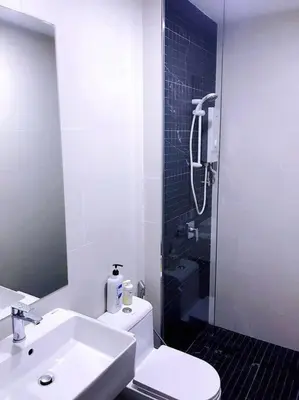a bathroom with a toilet and a sink and a shower at Beacon Suites #Georgetown #RoofTopPool #23 #2Bedrooms in George Town
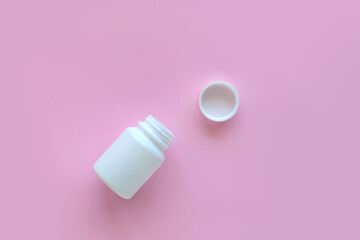 White pill packaging on pink background. Tablets. Close-up.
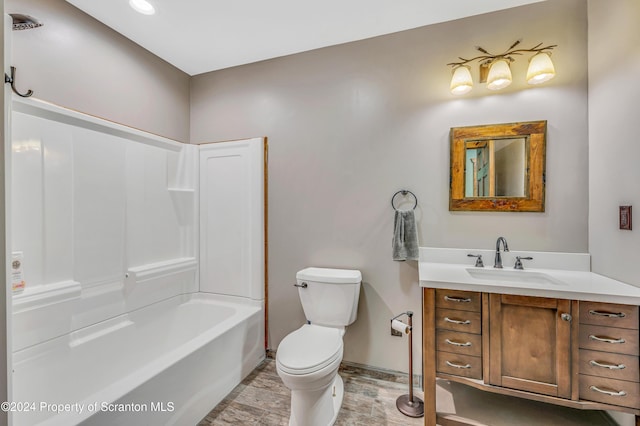 full bathroom featuring shower / tub combination, vanity, and toilet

┄┄┄┄┄┄┄┄┄┄┄┄┄┄┄┄┄┄┄┄

Brief: Word for word, repeat all the data, but not its images.

Result for this exercise:
a bathroom with a toilet and a sink and a shower at Beacon Suites #Georgetown #RoofTopPool #23 #2Bedrooms in George Town
 White pill packaging on pink background. Tablets. Close-up.
 full bathroom featuring shower / tub combination, vanity, and toilet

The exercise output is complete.